Rice interviews an executive of a Saudi agribusiness firm operating there.

“For a grower, this is heaven on earth,” says Jan Prins, managing director of the subsidiary company that is running the venture for Al Amoudi. Originally from the Netherlands, Prins says he assumed that Ethiopia was arid but was surprised to learn when he came to the country that much of it was fertile, with diverse microclimates. The Awassa farm is one of four that Prins is getting up and running. Using computerized irrigation systems, the farms will grow tomatoes, peppers, broccoli, melons and other fresh produce, the vast majority of it to be shipped to Saudi Arabia and Dubai.

My first reaction is: At those prices, maybe well-heeled Western foundations should start investing in farmland as part of a land-reform scheme. One of the many problems faced by Africa’s beleaguered smallholder farmers is land tenure.

But first we’d have to convince the Western anti-poverty/development establishment that smallholder farmers count. As Rice points out, the influential British economist Paul Collier has questioned whether small-scale farmers are part of the solution to the hunger crisis at all:

Last fall, Paul Collier of Oxford University, an influential voice on issues of world poverty, published a provocative article in Foreign Affairs in which he argued that a “middle- and upper-class love affair with peasant agriculture” has clouded the African development debate with “romanticism.” Approvingly citing the example of Brazil – where masses of indigenous landholders were displaced in favor of large-scale farms – Collier concluded that “to ignore commercial agriculture as a force for rural development and enhanced food supply is surely ideological.”
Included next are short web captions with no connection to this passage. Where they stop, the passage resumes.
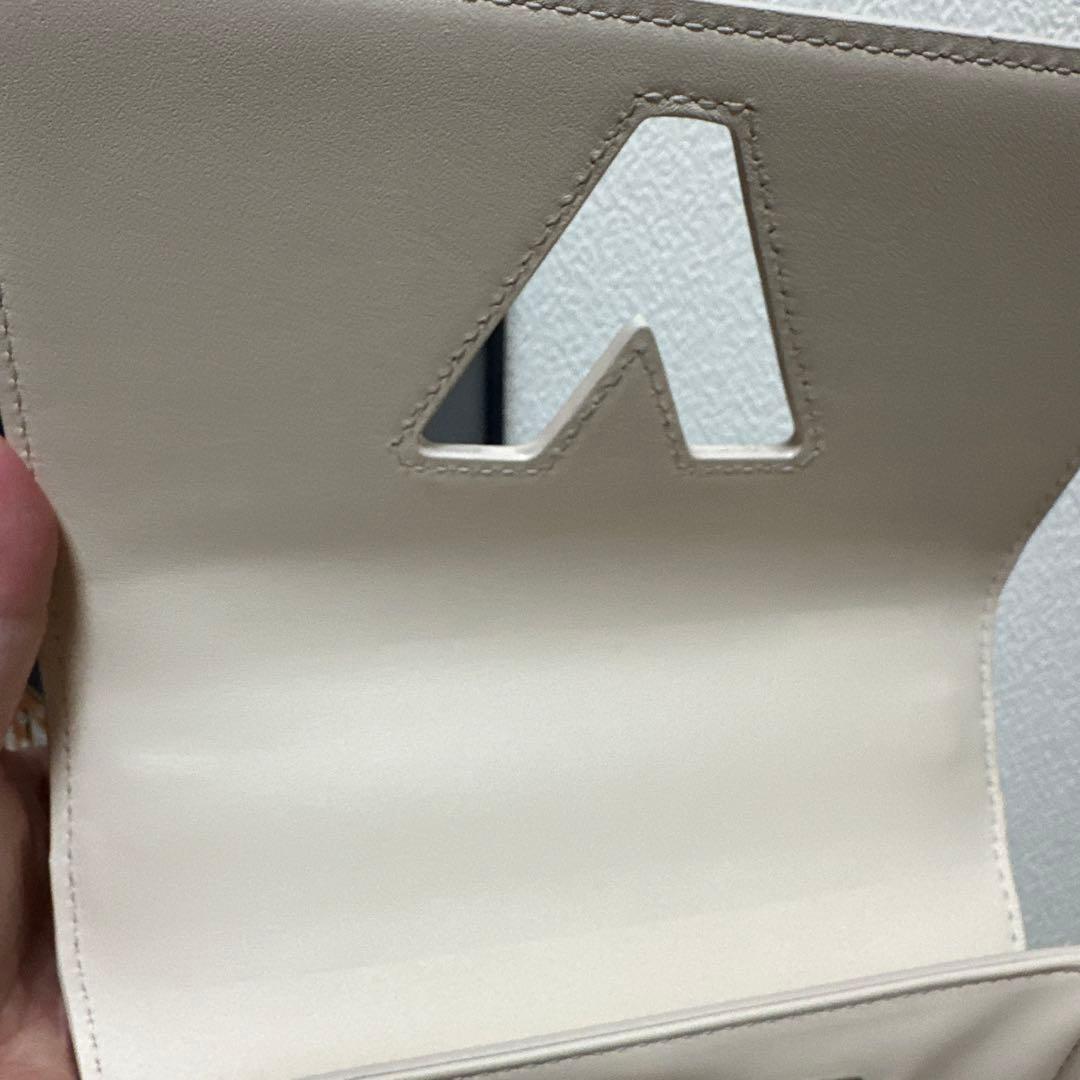 LOUIS VUITTON バッグ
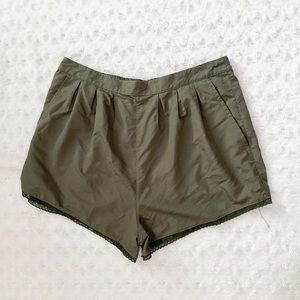 HURLEY- Olive Green Lace Trim Textured Shorts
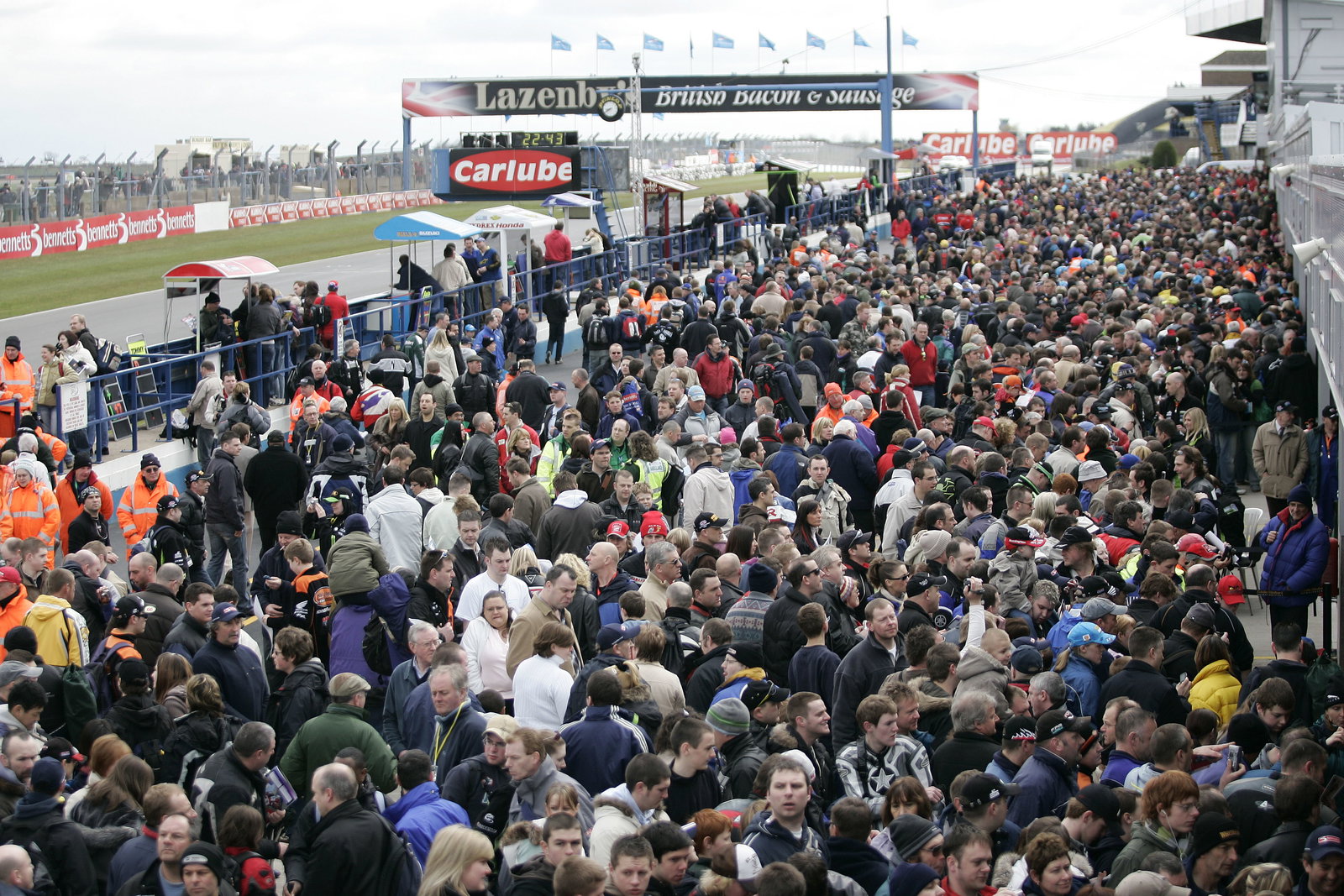 Pit Walk, Donington BSB, 2006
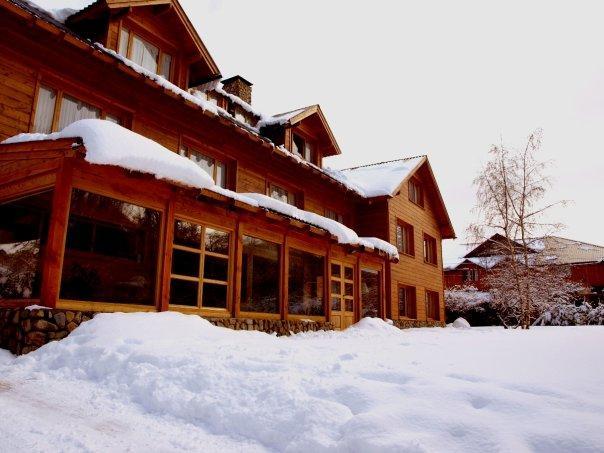 Hosteria El Establo Вилья-ла-Ангостура Экстерьер фото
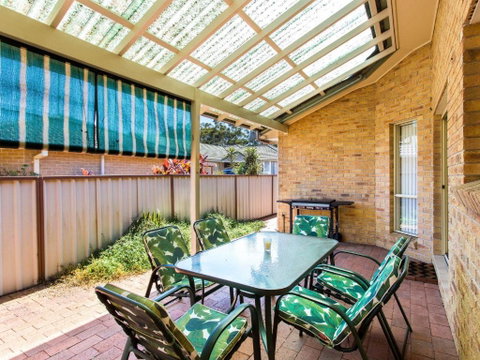 1 / 4 Huntly Close - Tourism Canberra 5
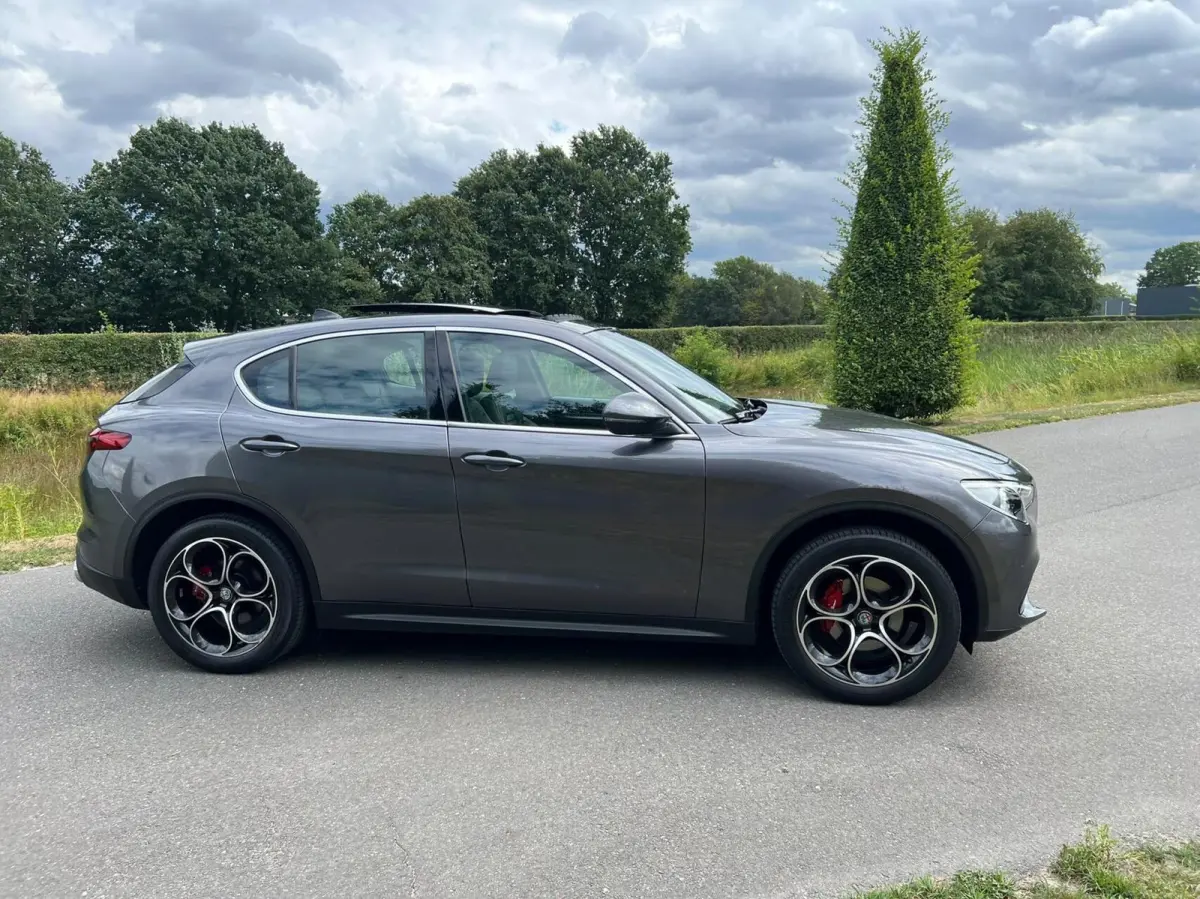 2.0t Q4 Veloce, 310pk, panodak, 1ste eig.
Brazil was indeed a provocative example for Collier to cite. That country has aggressively ramped up ag production, opening its vast (and incredibly biodiverse) savanna to monocrop soy production. U.S. agribusiness interests operate highly profitable subsidiaries there; U.S. farmers own and run huge soy farms there. Brazil is now one of the globe’s industrial-ag superpowers, a top-two exporter of soy, beef, sugar, coffee, and more.

Yet even with its supercharged agricultural sector humming, millions of Brazilians live in conditions of extreme poverty and food insecurity.As the FAO puts it:

Despite its relative prosperity (US$3500 GDP per head), 44 million Brazilians, a quarter of the population, lives in extreme poverty on a daily income which is less than US$1.06 a day.
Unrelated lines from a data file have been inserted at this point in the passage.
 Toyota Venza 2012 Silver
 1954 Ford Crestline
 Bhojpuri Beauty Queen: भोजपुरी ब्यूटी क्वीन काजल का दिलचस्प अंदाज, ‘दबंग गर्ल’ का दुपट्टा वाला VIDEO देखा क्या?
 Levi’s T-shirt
If I’m reading Rice correctly, the play is to turn Africa into a kind of new Brazil: an export-minded agriculture superpower, smallholder farmers be damned. The high-minded case for the African land grab goes like this: Sure, huge swaths of land will be put to use to supply foreign markets; and food crops will leave a continent struggling mightily with hunger; but there will be a trickle down effect. And surely, in the event of a real hunger crisis, enough food would be kept within Africa to feed everyone.

Robert Zeigler, a U.S. botanist who heads the International Rice Research Institute, a classic Green Revolution group, made this precise case in the New York Times Magazine piece.

The idea that one country would go to another country … and lease some land, and expect that the rice produced there would be made available to them if there’s a food crisis in that host country, is ludicrous.

When I read that, I thought of the 44 million impoverished Brazilians, scraping by while huge amounts of food leave their country; and of those late-Victorian holocausts, when millions of Indians starved while grain flowed to Mother England.

And then, thankfully, I remembered that Milwaukee-based Growing Power will soon be operating in Africa, working with smallholder farmers and urban dwellers to build self-suffiency through low-input farming. A happy thought ahead of Thanksgiving.